+++ Dataset excerpt +++
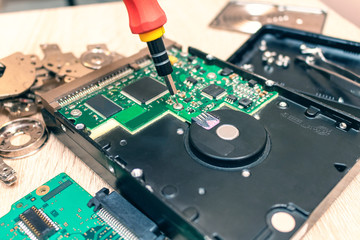 old broken hard disk drives composition in a repair recovery service concept close up selective focus
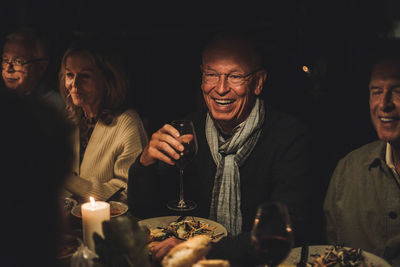 Happy senior man with friends during dinner party at night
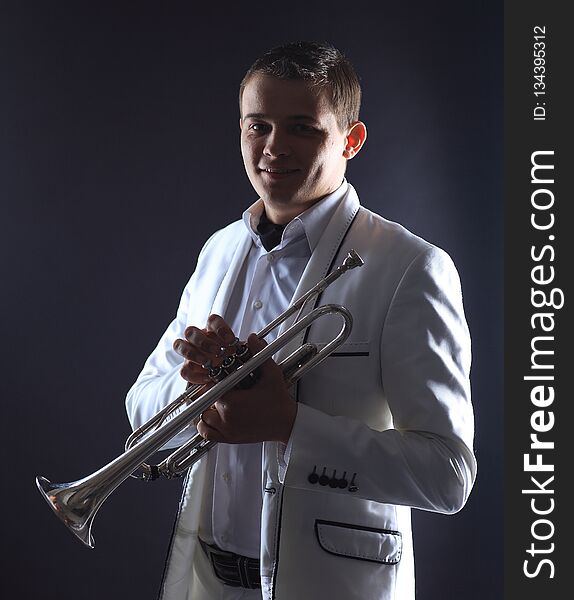 Young Man In A White Suit With A Trumpet.isolated On Black Background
+++
Set down the data exactly as it appears, without any images.

 old broken hard disk drives composition in a repair recovery service concept close up selective focus
 Happy senior man with friends during dinner party at night
 Young Man In A White Suit With A Trumpet.isolated On Black Background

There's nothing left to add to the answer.